When people talk about risk-takers, some images immediately come to mind. Astronauts and skydivers, for example. I’m a risk-taker — I’ve skydived, I’ve climbed Mount Kilimanjaro, I’ve done lots of scuba diving, I’ve started a magazine with $2.50 in my pocket. In the business world, the most courageous are the entrepreneurs. It truly does take courage to open a business and put your name on the door (or the top of a magazine), often armed with little more than an idea and a hope that customers will come and will buy.
Entrepreneurs wear many hats — they order inventory, manage finances, work with customers, do some marketing and more. Often, their larger, corporate-sized competitors have entire departments for each hat a small business owner wears.
There is nothing small about the effect that small businesses have on our region’s economy. By some estimates, businesses run by entrepreneurs account for 60-80 percent of new jobs. In Sacramento alone, 70 percent of the city’s 20,000 businesses have no more than 50 employees. And even beyond those statistics, owners of small businesses play an important social role in our communities, whether they are our neighborhood dry cleaner, restaurant owner, or hardware store providing the services we rely on to get through our everyday lives.
There are many extra risks that go along with being a small business. Inventory can cost more because you can’t buy on a larger scale. You may not have enough staff to cover all the bases on any given day. Bank loans can be more costly.

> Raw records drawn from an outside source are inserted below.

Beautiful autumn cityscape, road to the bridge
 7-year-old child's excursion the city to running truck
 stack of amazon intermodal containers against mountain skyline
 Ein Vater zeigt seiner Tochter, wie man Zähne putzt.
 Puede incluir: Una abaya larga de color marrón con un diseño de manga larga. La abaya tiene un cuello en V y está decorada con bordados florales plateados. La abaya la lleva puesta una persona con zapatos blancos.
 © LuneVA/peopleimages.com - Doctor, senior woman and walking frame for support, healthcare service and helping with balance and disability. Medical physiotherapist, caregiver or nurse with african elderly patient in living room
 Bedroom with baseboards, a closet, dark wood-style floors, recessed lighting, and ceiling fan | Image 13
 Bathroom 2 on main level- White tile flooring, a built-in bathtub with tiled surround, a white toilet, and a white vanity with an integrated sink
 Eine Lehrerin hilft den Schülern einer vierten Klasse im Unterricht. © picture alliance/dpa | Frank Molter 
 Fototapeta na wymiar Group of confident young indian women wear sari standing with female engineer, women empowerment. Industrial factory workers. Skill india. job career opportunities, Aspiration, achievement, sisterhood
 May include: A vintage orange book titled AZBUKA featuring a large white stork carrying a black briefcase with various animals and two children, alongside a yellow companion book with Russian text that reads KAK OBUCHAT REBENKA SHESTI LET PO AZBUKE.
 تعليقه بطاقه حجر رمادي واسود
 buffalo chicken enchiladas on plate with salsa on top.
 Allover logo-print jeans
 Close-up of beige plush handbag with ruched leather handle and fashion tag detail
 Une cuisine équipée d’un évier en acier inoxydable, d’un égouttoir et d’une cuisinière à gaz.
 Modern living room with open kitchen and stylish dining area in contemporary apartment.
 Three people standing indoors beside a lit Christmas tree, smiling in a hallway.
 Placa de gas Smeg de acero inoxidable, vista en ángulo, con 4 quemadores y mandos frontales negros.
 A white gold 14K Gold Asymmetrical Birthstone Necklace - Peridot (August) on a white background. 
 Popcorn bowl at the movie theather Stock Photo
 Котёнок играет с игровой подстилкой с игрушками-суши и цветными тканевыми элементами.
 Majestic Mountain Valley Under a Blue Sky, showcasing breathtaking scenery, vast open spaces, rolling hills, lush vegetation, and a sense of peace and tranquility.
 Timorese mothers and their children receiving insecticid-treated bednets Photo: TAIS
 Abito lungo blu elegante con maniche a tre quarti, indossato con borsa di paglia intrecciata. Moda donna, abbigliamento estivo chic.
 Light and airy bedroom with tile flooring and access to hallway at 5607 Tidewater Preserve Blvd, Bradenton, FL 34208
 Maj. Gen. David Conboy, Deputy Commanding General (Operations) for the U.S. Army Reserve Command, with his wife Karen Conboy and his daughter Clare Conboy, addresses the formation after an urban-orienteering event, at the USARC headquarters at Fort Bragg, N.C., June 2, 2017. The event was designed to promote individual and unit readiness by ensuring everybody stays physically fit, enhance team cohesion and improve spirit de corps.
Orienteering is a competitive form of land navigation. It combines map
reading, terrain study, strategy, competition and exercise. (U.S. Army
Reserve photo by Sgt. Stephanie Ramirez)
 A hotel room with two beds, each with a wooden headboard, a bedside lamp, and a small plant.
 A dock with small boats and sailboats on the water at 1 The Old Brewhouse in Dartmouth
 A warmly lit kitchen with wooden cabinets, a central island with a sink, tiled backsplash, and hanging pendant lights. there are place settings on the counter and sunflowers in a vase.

With those added obstacles, it’s easy to understand why about 20 percent of new businesses don’t last a year, according to national surveys.
But those same surveys show that 80 percent of small businesses do survive their critical first year, and about one-third of all small businesses have reached at least the 10-year mark. In the Capital Region, we have more than our share of entrepreneurs who have been part of our community for at least a decade and often longer.
When I see statistics like that, I wonder what makes the difference between those entrepreneurs who survive and those who don’t. Speaking from my own experience, I know hard work, determination and the resilience of not being defeated by everyday challenges are essential parts of any success. It’s called sweat equity and it’s really important, but it isn’t enough.
I recently came across Bank of America’s annual survey of small business. Small business owners are concerned about the same headwinds that keep their larger corporate competitors awake at night: inflation, supply chain breakdowns and finding qualified help.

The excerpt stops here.